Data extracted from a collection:
┌────────

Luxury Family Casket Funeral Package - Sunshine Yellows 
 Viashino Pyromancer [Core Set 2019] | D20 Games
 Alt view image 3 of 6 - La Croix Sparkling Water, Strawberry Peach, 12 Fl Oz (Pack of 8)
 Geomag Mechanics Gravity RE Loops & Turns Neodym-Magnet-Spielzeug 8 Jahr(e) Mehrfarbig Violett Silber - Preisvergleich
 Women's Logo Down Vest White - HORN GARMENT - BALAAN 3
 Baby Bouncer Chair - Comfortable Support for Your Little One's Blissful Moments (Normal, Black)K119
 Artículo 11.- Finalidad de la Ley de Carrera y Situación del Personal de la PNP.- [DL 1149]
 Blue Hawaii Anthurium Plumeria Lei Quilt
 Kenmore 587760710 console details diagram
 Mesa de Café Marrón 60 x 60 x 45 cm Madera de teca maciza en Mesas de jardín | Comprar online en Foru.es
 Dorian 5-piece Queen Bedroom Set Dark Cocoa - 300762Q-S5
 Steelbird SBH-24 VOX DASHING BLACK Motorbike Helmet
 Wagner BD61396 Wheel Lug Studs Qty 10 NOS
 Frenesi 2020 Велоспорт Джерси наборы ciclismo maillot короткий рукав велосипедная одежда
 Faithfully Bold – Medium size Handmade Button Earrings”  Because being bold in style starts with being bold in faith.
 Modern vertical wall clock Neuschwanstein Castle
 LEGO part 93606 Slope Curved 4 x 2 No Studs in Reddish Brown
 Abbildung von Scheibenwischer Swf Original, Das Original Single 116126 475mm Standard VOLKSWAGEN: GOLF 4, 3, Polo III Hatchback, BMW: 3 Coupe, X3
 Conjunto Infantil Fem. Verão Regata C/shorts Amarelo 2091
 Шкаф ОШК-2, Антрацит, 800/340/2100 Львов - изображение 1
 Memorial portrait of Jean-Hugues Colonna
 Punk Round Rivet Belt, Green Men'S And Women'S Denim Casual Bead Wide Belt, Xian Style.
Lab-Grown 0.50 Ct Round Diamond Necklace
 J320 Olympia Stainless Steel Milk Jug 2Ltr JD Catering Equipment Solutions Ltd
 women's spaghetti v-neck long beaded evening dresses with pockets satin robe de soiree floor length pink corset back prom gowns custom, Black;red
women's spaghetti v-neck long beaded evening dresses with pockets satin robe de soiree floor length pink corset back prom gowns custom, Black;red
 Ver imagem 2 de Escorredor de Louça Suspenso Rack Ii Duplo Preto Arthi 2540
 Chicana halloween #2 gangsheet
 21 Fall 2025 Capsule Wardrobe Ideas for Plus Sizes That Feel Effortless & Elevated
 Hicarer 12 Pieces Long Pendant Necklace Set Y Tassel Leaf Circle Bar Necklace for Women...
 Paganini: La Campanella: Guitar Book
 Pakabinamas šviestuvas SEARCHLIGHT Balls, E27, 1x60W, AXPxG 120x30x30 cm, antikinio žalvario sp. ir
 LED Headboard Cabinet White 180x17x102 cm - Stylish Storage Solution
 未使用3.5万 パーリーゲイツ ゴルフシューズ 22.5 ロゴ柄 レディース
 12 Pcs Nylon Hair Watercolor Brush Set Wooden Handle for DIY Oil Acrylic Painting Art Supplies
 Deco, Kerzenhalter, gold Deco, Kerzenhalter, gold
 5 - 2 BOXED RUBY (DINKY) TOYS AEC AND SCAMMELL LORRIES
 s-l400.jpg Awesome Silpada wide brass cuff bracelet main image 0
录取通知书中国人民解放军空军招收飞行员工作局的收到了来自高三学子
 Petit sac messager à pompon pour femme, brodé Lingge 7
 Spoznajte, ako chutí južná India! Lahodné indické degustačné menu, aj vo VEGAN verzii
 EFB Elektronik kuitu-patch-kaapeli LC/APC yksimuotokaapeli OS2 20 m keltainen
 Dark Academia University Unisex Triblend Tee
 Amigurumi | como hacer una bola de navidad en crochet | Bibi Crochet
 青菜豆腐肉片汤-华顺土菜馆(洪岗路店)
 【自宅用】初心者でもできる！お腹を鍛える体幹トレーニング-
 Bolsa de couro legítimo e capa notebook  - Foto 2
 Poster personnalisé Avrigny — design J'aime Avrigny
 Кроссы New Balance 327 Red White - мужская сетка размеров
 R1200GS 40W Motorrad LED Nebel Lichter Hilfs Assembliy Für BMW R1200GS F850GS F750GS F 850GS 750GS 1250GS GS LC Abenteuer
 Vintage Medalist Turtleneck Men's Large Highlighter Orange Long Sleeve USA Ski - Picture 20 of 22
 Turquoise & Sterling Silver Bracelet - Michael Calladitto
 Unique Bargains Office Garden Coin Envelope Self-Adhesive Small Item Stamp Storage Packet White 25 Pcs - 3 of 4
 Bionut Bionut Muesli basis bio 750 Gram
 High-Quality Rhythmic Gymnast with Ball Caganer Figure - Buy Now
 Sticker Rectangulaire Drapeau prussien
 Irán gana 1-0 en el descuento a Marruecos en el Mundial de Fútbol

└────────

The required answer is the run of lines above, starting at the line with "Шкаф ОШК-2, Антрацит, 800/340/2100" and ending at the line with "21 Fall 2025", reproduced exactly with both ends.

 Шкаф ОШК-2, Антрацит, 800/340/2100 Львов - изображение 1
 Memorial portrait of Jean-Hugues Colonna
 Punk Round Rivet Belt, Green Men'S And Women'S Denim Casual Bead Wide Belt, Xian Style.
Lab-Grown 0.50 Ct Round Diamond Necklace
 J320 Olympia Stainless Steel Milk Jug 2Ltr JD Catering Equipment Solutions Ltd
 women's spaghetti v-neck long beaded evening dresses with pockets satin robe de soiree floor length pink corset back prom gowns custom, Black;red
women's spaghetti v-neck long beaded evening dresses with pockets satin robe de soiree floor length pink corset back prom gowns custom, Black;red
 Ver imagem 2 de Escorredor de Louça Suspenso Rack Ii Duplo Preto Arthi 2540
 Chicana halloween #2 gangsheet
 21 Fall 2025 Capsule Wardrobe Ideas for Plus Sizes That Feel Effortless & Elevated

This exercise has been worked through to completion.